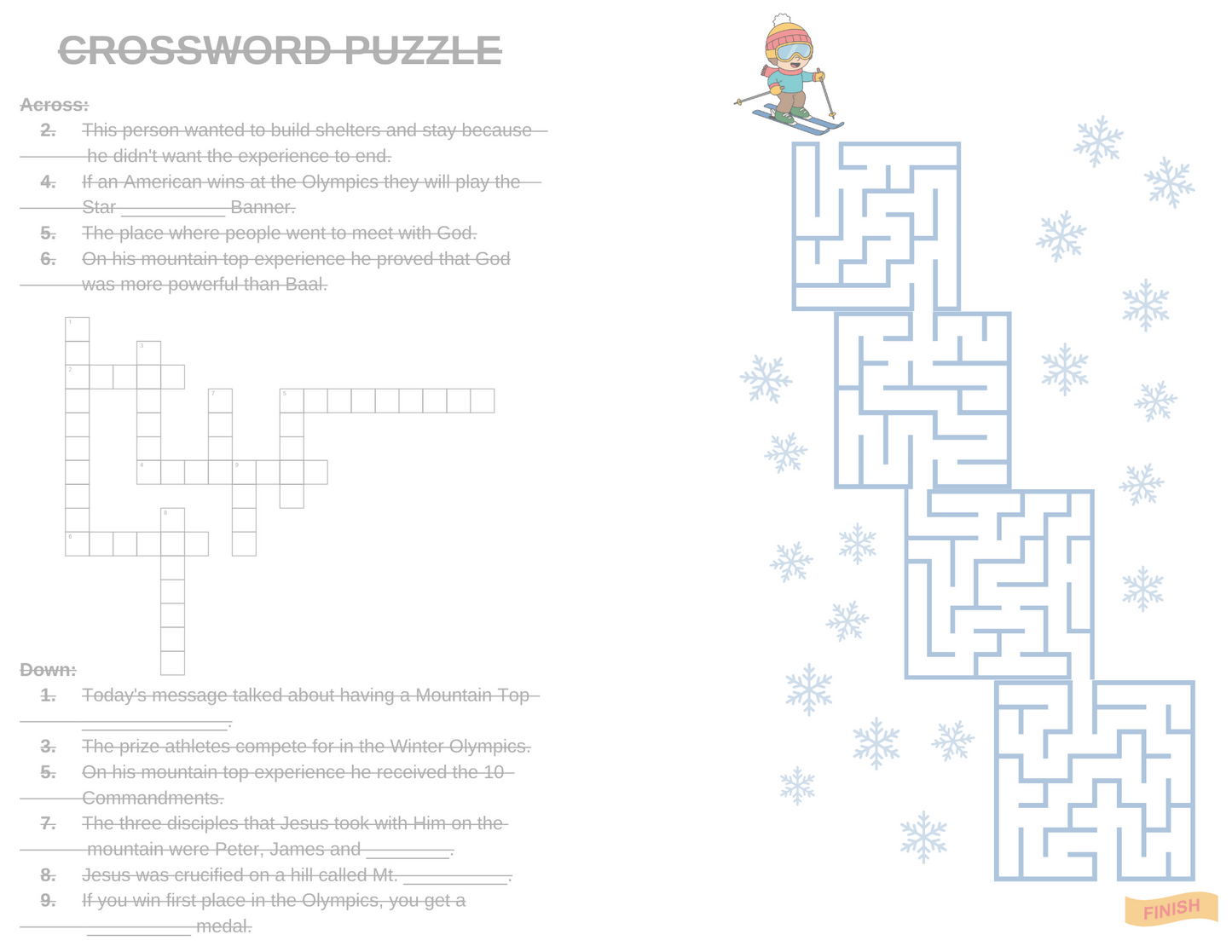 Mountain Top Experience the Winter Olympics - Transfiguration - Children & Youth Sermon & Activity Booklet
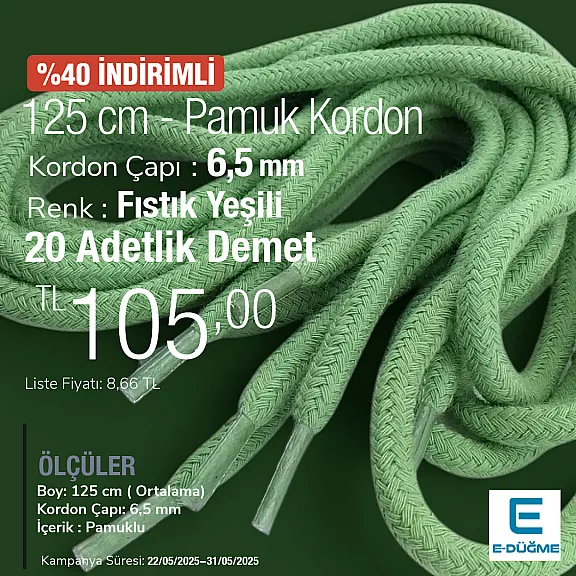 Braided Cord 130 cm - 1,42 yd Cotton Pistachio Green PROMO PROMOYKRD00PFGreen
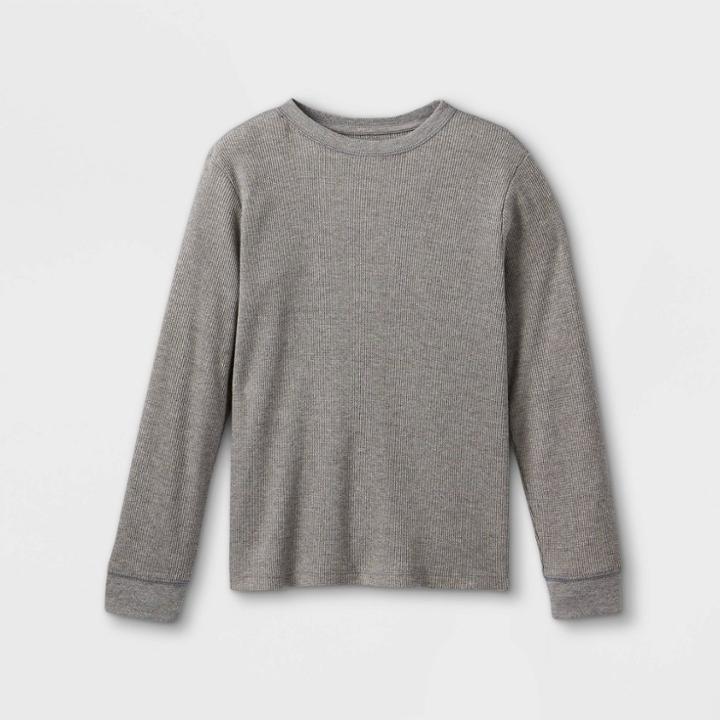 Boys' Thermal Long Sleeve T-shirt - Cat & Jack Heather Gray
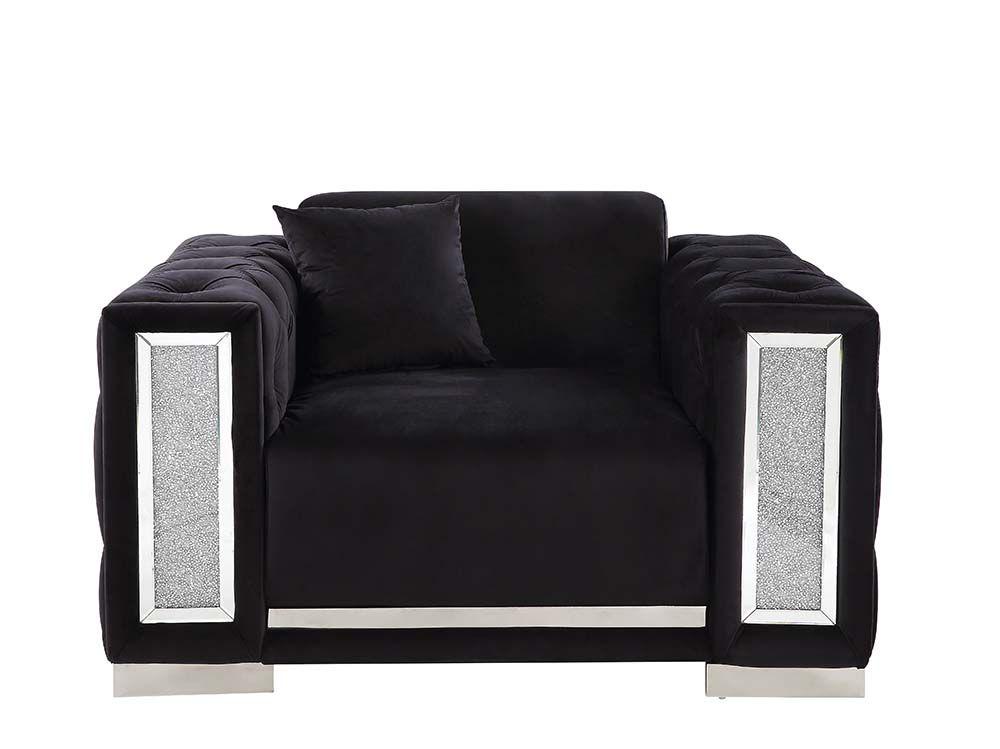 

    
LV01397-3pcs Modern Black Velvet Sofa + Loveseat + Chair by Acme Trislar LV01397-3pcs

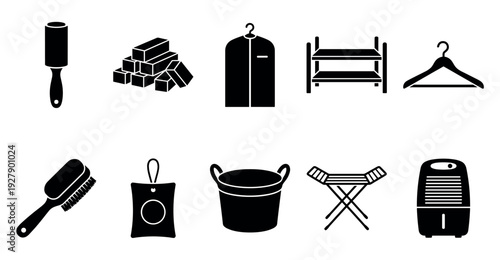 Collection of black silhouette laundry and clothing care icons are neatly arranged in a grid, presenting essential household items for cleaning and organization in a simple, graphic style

--------------------

The material above is to be output exactly, with each picture left out.

 Mountain Top Experience the Winter Olympics - Transfiguration - Children & Youth Sermon & Activity Booklet
 Braided Cord 130 cm - 1,42 yd Cotton Pistachio Green PROMO PROMOYKRD00PFGreen
 Boys' Thermal Long Sleeve T-shirt - Cat & Jack Heather Gray

    
LV01397-3pcs Modern Black Velvet Sofa + Loveseat + Chair by Acme Trislar LV01397-3pcs

 Collection of black silhouette laundry and clothing care icons are neatly arranged in a grid, presenting essential household items for cleaning and organization in a simple, graphic style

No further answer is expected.